『東京タワー』終わりを迎えた透と耕二の“最悪の夏” 永瀬廉と松田元太の対照的な涙
自分たちの関係性の不安定さに改めて涙する透(永瀬廉)
自分が知らない詩史の過去や思い出があることさえも悔しく恨めしく、もっと自分がその中にいられたら……「もっと早く生まれたかった」と溢す透に対して、「私はあなたの未来に嫉妬してるのよ」と呟く詩史。全てがまだ固定されておらず、何にもなれて、自分の元から軽やかにどこまでも羽ばたいていける透の未来に自分がいるはずはないと、詩史も詩史で嘆いているのではないだろうか。
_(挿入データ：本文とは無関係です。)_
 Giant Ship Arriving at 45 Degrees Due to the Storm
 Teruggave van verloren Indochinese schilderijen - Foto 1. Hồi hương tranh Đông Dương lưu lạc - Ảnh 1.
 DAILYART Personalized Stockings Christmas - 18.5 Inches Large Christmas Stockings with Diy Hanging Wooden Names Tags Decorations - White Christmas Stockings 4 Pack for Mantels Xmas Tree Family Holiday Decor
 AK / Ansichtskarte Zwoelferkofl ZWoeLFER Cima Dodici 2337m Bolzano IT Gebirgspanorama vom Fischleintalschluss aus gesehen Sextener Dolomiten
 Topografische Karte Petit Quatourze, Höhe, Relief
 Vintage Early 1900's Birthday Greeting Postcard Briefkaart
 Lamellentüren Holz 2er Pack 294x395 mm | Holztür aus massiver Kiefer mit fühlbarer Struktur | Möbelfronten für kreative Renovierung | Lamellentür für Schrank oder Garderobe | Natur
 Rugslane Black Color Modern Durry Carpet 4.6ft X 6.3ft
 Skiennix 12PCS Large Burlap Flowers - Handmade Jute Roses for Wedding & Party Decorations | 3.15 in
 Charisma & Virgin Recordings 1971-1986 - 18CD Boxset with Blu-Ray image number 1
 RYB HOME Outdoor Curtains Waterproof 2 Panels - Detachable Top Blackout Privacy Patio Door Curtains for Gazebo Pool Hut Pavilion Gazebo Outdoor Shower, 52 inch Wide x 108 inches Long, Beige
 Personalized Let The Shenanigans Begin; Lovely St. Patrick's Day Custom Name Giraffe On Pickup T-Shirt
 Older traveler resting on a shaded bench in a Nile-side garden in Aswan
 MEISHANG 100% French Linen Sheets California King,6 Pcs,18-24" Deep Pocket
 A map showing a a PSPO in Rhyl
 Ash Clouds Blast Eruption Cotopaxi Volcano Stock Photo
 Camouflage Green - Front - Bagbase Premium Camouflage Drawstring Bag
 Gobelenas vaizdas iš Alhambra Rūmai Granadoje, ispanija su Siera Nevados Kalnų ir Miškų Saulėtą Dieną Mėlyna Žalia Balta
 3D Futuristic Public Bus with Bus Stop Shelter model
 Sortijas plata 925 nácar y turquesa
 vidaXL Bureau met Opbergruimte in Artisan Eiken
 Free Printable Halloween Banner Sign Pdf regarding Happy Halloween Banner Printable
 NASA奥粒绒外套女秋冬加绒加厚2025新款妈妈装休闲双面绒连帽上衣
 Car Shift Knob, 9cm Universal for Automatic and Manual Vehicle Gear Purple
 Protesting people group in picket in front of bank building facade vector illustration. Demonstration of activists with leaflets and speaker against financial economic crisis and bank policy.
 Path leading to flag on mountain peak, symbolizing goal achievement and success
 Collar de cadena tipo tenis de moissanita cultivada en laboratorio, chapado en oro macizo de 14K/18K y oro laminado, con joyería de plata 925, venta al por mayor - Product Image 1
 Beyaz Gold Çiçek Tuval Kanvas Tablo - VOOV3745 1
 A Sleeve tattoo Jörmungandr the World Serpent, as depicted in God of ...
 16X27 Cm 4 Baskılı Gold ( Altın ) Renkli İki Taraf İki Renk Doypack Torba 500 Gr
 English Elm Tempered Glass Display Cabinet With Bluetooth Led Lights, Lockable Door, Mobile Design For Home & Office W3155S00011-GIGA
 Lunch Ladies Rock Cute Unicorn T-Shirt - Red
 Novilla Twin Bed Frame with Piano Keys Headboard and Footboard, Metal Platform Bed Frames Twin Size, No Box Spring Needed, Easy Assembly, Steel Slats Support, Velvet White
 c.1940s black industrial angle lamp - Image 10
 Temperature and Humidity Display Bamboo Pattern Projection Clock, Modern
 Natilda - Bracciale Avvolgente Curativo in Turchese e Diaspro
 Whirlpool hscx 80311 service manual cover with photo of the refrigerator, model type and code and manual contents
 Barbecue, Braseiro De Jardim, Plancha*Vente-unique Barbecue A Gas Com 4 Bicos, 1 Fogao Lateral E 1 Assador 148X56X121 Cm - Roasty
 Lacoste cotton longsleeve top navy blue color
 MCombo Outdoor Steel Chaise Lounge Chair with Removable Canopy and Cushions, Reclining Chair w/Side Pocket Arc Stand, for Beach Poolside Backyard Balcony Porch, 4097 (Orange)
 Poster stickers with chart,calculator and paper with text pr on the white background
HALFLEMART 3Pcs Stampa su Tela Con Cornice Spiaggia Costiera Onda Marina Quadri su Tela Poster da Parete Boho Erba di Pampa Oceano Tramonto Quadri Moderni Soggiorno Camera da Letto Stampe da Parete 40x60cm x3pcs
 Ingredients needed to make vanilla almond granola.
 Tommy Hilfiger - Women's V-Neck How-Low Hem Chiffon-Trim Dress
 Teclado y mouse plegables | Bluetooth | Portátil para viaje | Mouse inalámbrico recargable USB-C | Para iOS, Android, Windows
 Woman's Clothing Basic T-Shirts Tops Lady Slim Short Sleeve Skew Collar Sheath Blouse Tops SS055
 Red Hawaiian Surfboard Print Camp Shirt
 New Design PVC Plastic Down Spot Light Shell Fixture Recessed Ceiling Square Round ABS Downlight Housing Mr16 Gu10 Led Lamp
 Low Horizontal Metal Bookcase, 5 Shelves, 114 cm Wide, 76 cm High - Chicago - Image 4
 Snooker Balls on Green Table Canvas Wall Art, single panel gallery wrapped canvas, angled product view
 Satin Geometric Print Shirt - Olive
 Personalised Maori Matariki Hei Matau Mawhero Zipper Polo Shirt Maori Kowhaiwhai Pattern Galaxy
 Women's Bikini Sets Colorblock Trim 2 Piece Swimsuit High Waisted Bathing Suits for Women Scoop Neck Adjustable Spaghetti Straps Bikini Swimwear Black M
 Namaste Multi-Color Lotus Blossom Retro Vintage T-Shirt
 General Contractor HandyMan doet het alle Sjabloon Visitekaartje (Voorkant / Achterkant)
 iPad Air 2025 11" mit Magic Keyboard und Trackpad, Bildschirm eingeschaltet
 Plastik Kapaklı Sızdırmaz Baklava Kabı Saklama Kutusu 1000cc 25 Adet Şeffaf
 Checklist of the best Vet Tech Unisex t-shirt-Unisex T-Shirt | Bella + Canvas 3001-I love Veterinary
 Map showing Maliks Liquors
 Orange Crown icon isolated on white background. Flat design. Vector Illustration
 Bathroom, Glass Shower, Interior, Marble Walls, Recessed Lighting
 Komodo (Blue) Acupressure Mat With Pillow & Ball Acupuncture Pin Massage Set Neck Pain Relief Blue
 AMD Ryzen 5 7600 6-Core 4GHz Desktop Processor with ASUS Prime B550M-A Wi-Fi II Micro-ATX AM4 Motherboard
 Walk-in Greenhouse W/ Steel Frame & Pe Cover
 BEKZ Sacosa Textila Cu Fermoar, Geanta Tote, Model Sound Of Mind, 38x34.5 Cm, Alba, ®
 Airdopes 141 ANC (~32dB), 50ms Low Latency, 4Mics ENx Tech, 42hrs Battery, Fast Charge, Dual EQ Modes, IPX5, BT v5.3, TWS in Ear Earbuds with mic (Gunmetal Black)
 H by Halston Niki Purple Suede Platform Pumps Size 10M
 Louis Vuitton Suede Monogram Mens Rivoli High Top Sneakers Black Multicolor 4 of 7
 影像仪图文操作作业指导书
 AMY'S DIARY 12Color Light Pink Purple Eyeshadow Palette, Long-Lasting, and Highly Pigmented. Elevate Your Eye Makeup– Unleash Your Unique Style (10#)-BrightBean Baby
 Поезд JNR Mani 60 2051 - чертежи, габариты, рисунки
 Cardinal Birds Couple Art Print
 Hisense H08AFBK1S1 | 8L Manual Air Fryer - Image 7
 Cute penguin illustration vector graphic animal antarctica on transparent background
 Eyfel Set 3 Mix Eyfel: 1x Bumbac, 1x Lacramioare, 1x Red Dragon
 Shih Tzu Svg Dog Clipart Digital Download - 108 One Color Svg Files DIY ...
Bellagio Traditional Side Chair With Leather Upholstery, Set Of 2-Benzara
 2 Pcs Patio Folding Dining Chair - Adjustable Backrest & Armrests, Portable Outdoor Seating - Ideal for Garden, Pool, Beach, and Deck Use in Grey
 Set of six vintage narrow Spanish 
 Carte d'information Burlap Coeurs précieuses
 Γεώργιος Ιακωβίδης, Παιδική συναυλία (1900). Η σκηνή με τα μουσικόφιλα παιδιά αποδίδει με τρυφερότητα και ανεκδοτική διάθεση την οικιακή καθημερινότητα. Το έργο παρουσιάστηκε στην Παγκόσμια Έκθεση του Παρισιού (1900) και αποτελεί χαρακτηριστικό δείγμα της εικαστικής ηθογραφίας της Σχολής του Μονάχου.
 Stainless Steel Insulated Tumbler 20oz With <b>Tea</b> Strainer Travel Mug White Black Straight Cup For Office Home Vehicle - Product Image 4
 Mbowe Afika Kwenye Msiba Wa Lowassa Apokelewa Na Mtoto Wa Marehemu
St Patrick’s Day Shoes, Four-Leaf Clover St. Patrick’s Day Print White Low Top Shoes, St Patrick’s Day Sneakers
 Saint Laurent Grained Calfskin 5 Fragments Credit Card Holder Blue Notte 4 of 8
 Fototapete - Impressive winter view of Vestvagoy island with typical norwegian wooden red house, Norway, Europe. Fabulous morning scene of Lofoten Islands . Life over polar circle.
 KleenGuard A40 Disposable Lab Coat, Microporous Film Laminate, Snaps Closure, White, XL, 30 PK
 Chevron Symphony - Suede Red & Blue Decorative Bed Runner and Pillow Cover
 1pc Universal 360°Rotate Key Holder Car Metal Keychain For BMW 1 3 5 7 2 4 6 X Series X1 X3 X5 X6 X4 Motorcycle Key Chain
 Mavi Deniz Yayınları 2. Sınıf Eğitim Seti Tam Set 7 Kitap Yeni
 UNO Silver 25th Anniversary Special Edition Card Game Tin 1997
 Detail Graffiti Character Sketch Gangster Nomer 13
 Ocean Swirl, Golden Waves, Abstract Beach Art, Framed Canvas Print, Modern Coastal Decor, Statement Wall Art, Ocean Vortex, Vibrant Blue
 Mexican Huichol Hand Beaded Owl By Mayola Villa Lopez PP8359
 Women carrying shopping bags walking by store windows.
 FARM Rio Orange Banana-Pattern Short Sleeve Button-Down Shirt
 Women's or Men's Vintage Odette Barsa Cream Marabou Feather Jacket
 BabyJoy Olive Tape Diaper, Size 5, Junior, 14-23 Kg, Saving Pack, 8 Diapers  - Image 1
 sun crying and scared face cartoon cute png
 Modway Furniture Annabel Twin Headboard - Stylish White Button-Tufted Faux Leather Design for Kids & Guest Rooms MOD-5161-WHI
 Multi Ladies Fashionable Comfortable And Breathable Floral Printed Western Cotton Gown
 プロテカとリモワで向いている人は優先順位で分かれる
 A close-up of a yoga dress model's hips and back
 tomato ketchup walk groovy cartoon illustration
彼女からすれば、自分が嫌いな“ゴルフをする男の人”である英雄との夫婦生活も当然のごとく固定されているもので、若い透には持ち合わせていない“荷物”のように思えるのかもしれない。 しかし、透は透で、母親・陽子(YOU)から目ざとく「似合わない」と一蹴された詩史からの海外土産のTシャツのように、何とか背伸びしてみたところで、詩史の思う未来に自分がいないだろうと予感し、自分たちの関係性の不安定さに改めて涙する。 浅野夫婦の磐石さに触れる度、自分はあくまでサイドストーリーであることをまざまざと感じさせられるのだろう。また英雄の目を逃れられ自分が無傷でいられたことは、同じく詩史もまた何も失っていないことになる。 浅野夫婦が一緒に過ごす別荘を後にし、夜道をとぼとぼ歩く透の姿は、まさに彼がいなければ“元通り”で、たまたまアクシデント的に交わった異分子は自分の方だという事実に一人向き合う道のりのようだった。それに静かに抗いながらも、どこかで受け入れ涙する透と、感情剥き出しで大泣きしていた耕二は対照的だった。 花火が終わった後のあまりの静けさに、去りゆく夏にすがり付きたくなってしまうものだが、彼らのそれぞれの消化不良な想いはどこに向かうのか。